Some more thoughts after context:


*Even if we can't integrate $\int_M d\tau$, maybe we can integrate $\int_S \iota^{*}(d\tau)$ for $\iota: S \to M$ inclusion and the pullback $\iota^{*}: \Omega^*M \to \Omega^*S$ inclusion to say support $\iota^*(d\tau) \subseteq$ support $d\tau \cap S$ is compact, but I don't know how this gives us support $d\tau$ is compact.

 A: The confusion is probably caused by the authors, since they agree that 

p.51 ... We will often call both the cohomology class $[\eta_S]$ and a form representing it the Poincare dual of $S$. 

I suppose the same abuse is used for the compact Poincare dual. 
In your point 2:

Thus, what Bott and Tu mean by $\eta_S$ and $\eta_S'$ being the same as forms is that their equivalence classes modulo $B^{n-k}M$ are equal, but such equivalence class may be unequal to the equivalence class of $\eta_S'$ modulo $B^{n-k}_cM$.

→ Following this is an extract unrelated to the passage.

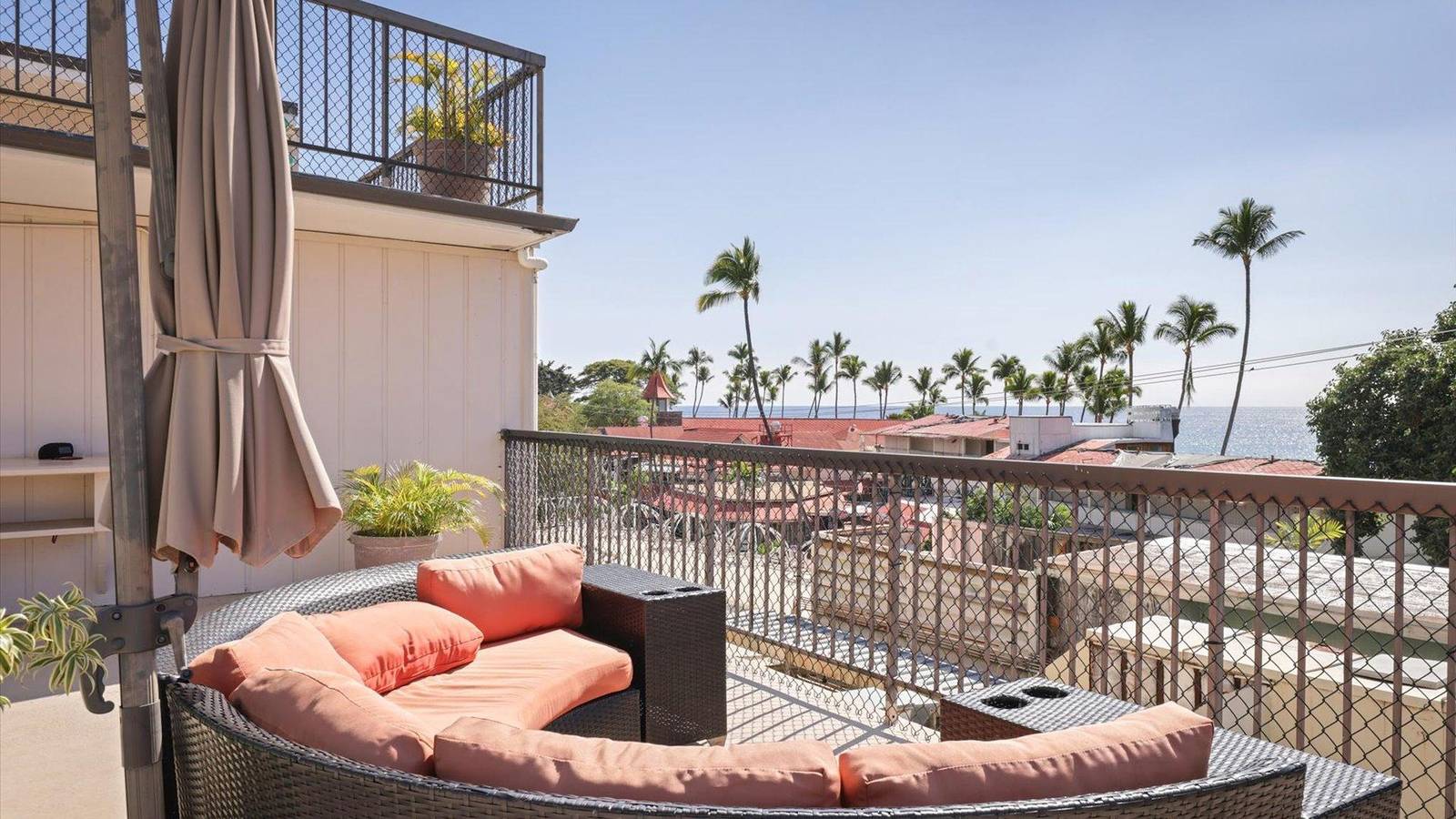 Entire apartment, Hale Lopaka at Kona Plaza in Kailua-Kona, South Kona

Indeed sometimes they explicitly say that $\eta_S$ and $\eta_S'$ are equal as forms. In this situation, they think of $\eta_S$ and $\eta_S'$ both as differential forms on $M$. 
Indeed, $[\eta_S]$ and $[\eta_S']$ are elements in different spaces so it does not make sense to say that they are equal, apriori. But they did try to make sense of it, for example at p.51, they say 

So as a form $\eta_S'$ is also the closed Poincare dual of $S$. 

Then they try to make sense of the above sentence:

... ie, the natural map $H^{n-k}_c(M) \to H^{n-k} (M)$ sends the compact Poincare dual to the closed Poincare dual. 

The natural map (called $i_*$) is induced by the inclusion $i : \Omega^{n-k}_c (M) \to \Omega^{n-k}(M)$ of differential forms. So they argue that $i_* [\eta_S']\in H^{n-k}(M)$ is the closed Poincare dual of $S$. 
If the above is interpreted as forms (instead of cohomology class), then $\eta_S'$ as a compactly supported differential form in $M$, is also the closed Poincare dual of $M$. 
As a result, they claim that the closed Poincare dual of $S$ is also represented by a compactly supported differential form (which is $\eta_S'$). So by compactly supported Poincare dual, they mean that there is a compactly supported differential form inside the class. It does not mean that all elements in that class are of compact support. 
So if $\omega = \omega' + d\tau$ and $\omega'$ is of compact support, then $\omega$ might not have compact support.